======== INFORMATION GIVEN

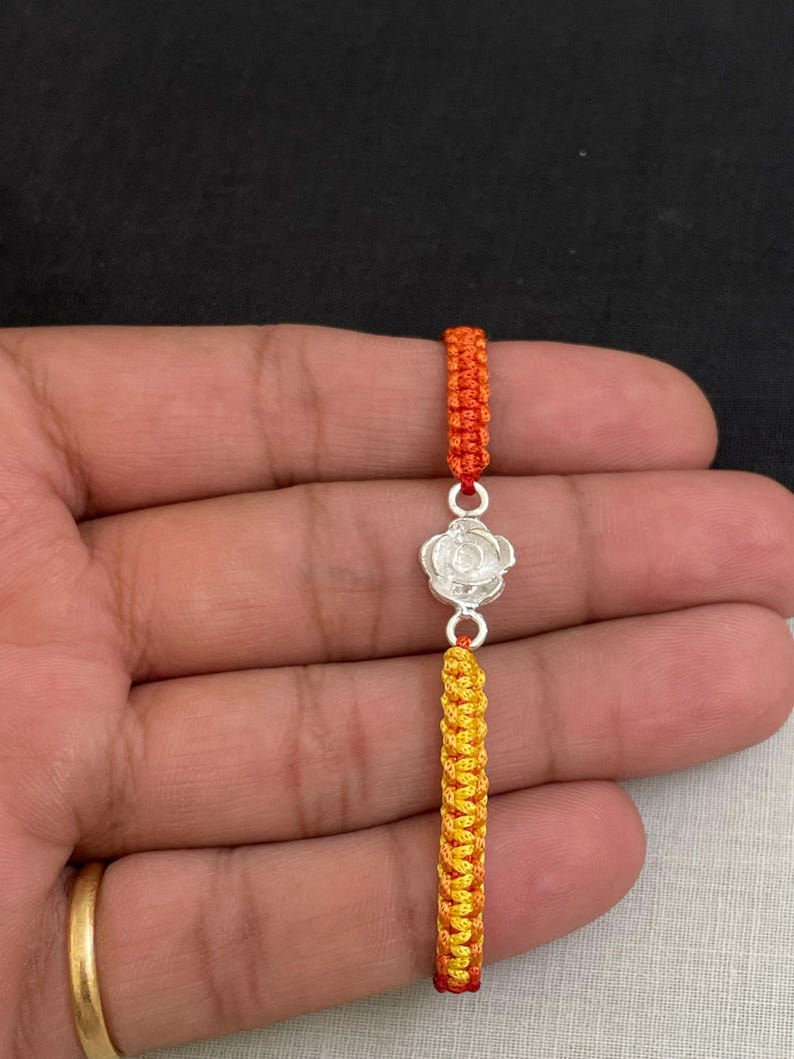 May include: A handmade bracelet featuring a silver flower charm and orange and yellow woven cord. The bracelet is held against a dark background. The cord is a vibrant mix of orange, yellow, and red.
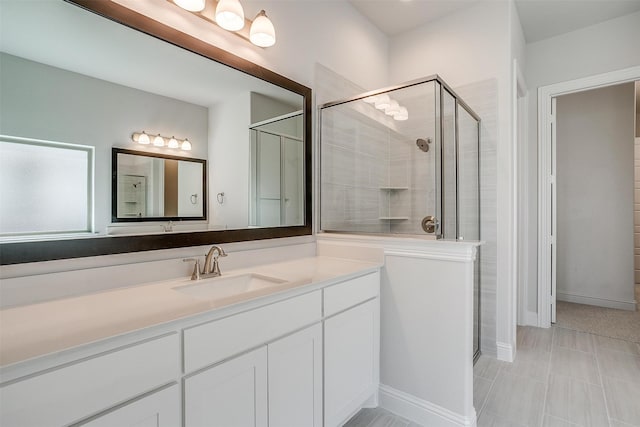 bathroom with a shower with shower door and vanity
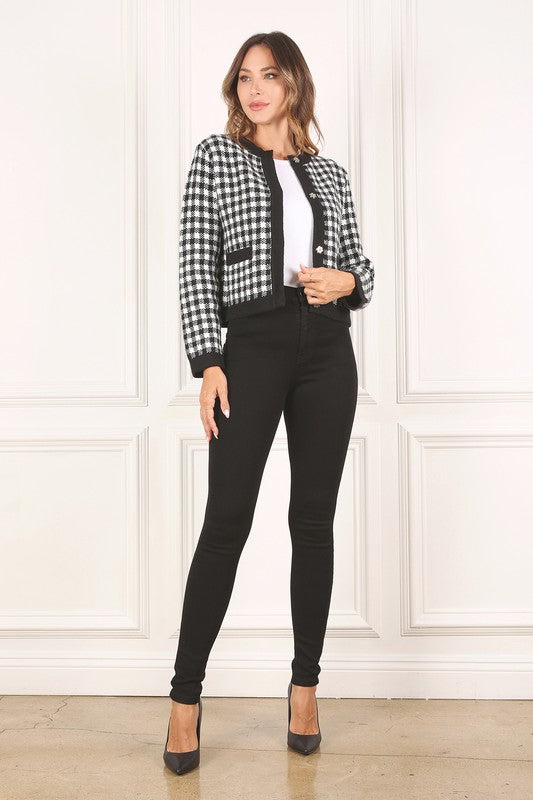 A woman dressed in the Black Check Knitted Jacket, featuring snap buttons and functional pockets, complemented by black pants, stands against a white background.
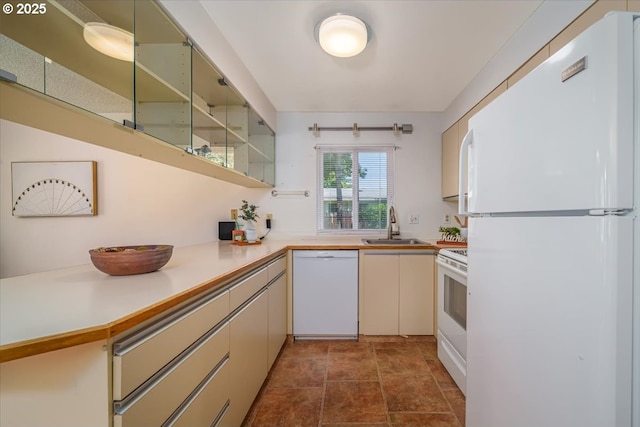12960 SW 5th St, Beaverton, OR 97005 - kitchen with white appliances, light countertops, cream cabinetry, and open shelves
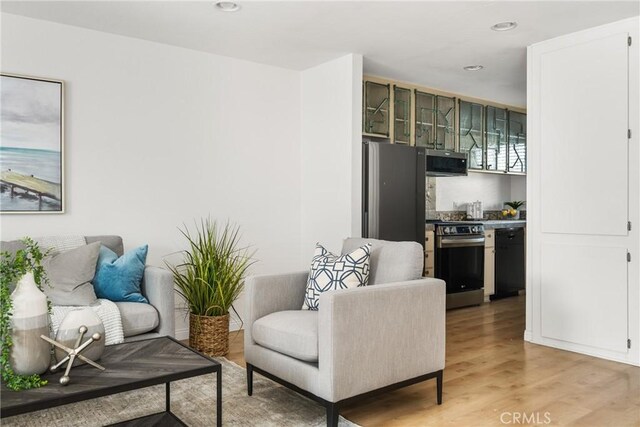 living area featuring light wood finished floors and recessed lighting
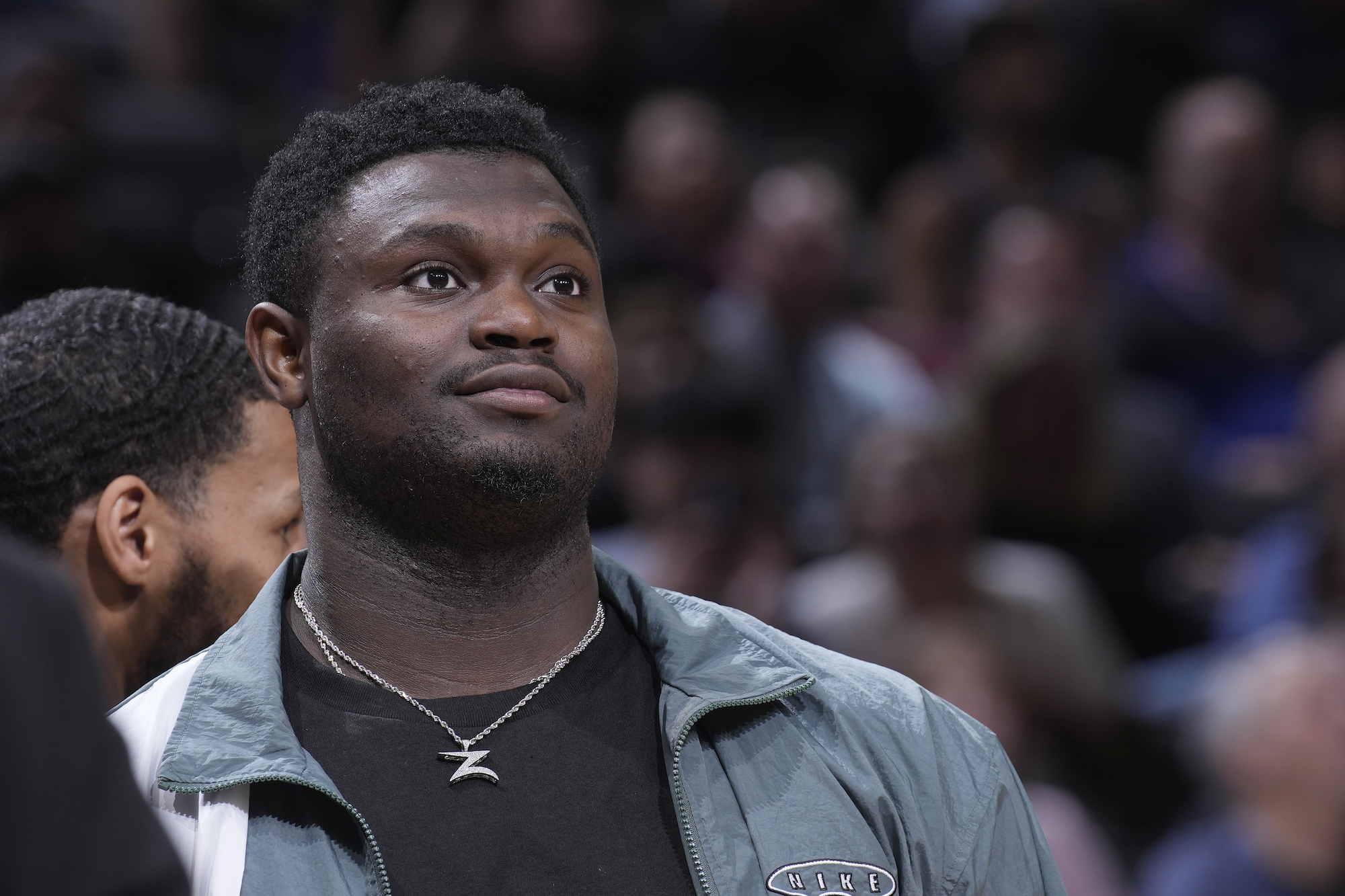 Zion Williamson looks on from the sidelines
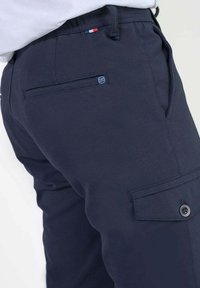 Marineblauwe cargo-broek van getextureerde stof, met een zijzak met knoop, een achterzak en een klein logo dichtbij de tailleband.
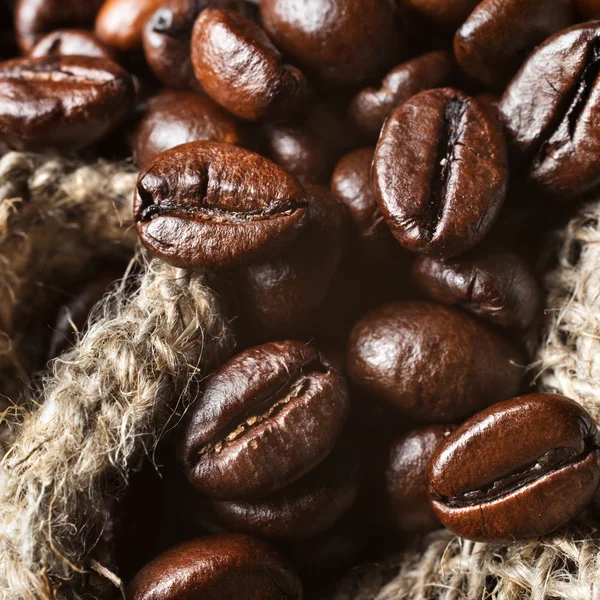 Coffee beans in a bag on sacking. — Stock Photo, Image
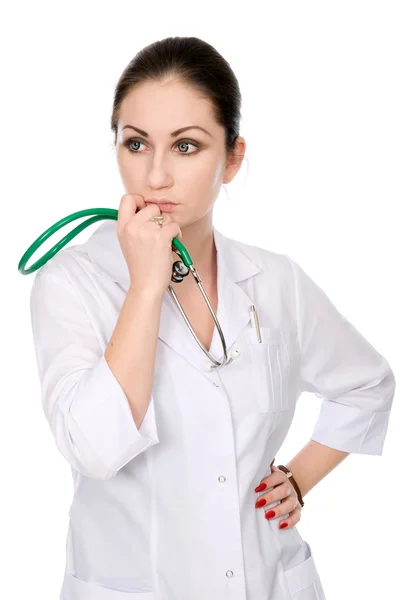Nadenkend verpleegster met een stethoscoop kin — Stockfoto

================

● **EXERCISE REQUIREMENTS**:
When the line containing "Marineblauwe cargo-broek van" has been located, retype it and each line after it through the end of the records, excluding the pictures and adding nothing else.

● **TASK SOLUTION**:
 Marineblauwe cargo-broek van getextureerde stof, met een zijzak met knoop, een achterzak en een klein logo dichtbij de tailleband.
 Coffee beans in a bag on sacking. — Stock Photo, Image
Nadenkend verpleegster met een stethoscoop kin — Stockfoto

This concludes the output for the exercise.